Hi,
in the week from 2014-10-13–2014-10-19 Andrew, Jeff, and I worked on the following items around the Analytics Cluster and Analytics related Ops:
* Webstatscollector deployment (Bug 66352, Bug 71790) * Testing potential kafkatee fix * Analytics1021, its partition leader role, and missing data * gp.wmflabs.org showing empty graphs * Database lags * Obtaining HTTPS numbers to assist around POODLE vulnerability * Redeployment of some Hive scripts * Preparations for ua_parser Hive UDF (details below)
Have fun, Christian
* Webstatscollector deployment (Bug 66352, Bug 71790)
As reported previous weeks, new webstatscollector builds have been prepared to stop counting requests to the “Undefined” page (Bug 66352), and to stop counting redirects twice (Bug 71790). Those new builds now got deployed to both webstatscollector pipelines.
* Testing potential kafkatee fix
From time to time kafkatee did not consume from all relevant kafka partitions. The kafkatee maintainer provided a potential fix that is running on analytics1003 since. The kafkatee generated files look good for now, but since the issue previously took some time to manifest, the tests need to run a bit longer.
* Analytics1021, its partition leader role, and missing data
Analytics1021 again dropped out of its partition leader role. This is the first time it happened after ACK parameters got tuned on some machines. The tuning proved to be worth it, as the caches with tuned ACK parameters did not see message loss.
Since the issue happened again later, and again exactly the machines with tuned ACK parameters did not see message loss, we can prepare to roll out the tuned ACK parameters more widely.

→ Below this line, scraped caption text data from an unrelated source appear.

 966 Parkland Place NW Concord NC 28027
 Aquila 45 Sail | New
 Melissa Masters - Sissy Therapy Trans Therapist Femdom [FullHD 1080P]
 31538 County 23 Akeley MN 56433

* gp.wmflabs.org showing empty graphs
In 2013 some graphs of gp.wmflabs.org have been taken offline due to privacy concerns. However, the main dashboard still referenced some of those graphs, and rendered them as empty graphs. This made the dashboard /look/ broken, although the public graphs were rendered as expected. We updated the dashboard to no longer reference offline graphs, so the dashboard does not look broken any longer.
* Database lags
Due to different, unrelated causes, some databases lagged considerably during this week. Ops got the databases back to normal again.

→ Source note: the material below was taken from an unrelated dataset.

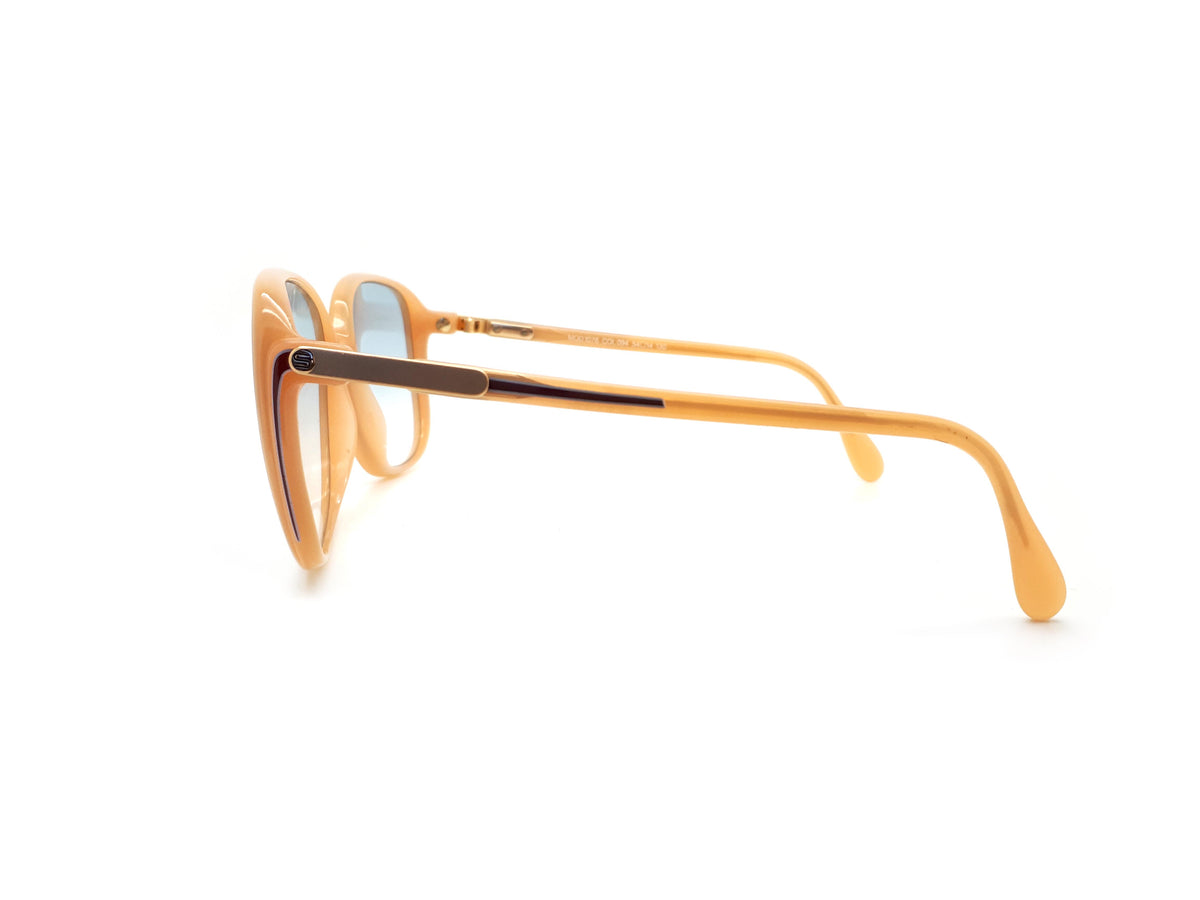Silhouette - MOD 1076 COL 094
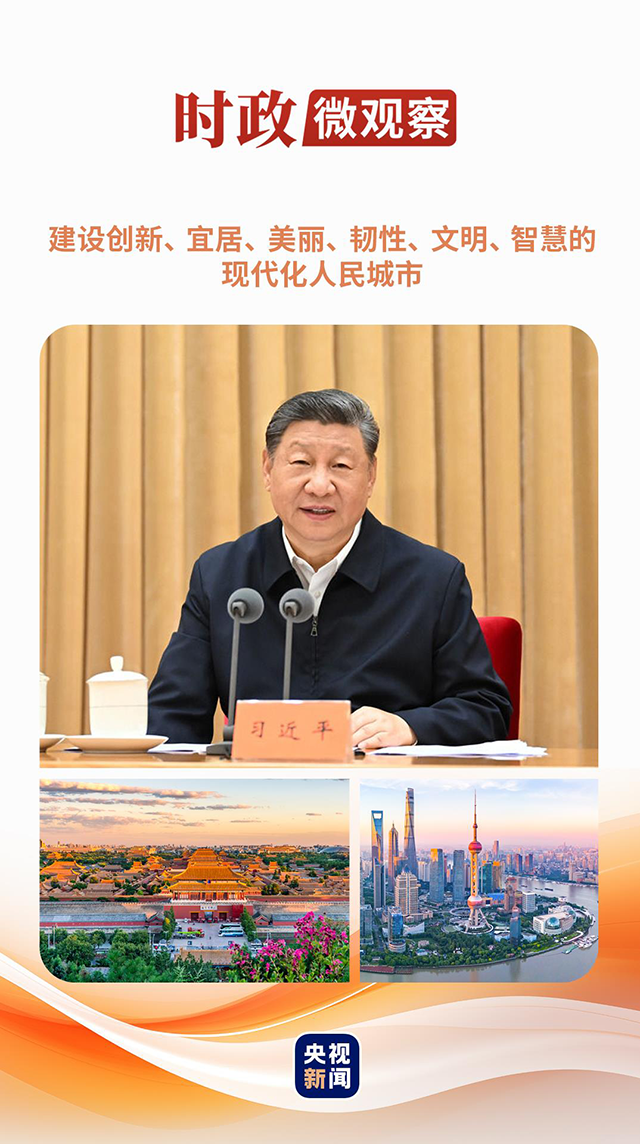 ab30d30bf438c1253e9916f9a3f7f0ff.png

* Obtaining HTTPS numbers to assist around POODLE vulnerability
In order to decide on how to address the POODLE vulnerability, Ops needed numbers on usage of HTTPS for old browsers. Since this data is not prepared automatically, we extracted the numbers from the logs.
* Redeployment of some Hive scripts
It seems an unannounced Friday deployment during the SF hackathon angered the deployment gods, and caused some Oozie/Hive jobs to not run correctly. So we had to fix the setup, resubmit the jobs, and backfill the missing data. No data got lost.
* Preparations for ua_parser UDF
There is a push from several sides to have a Hive UDF that can parse User-Agents. A good part of time was spent implementing, and reviewing this UDF. But it's not yet merged and will require a bit more work.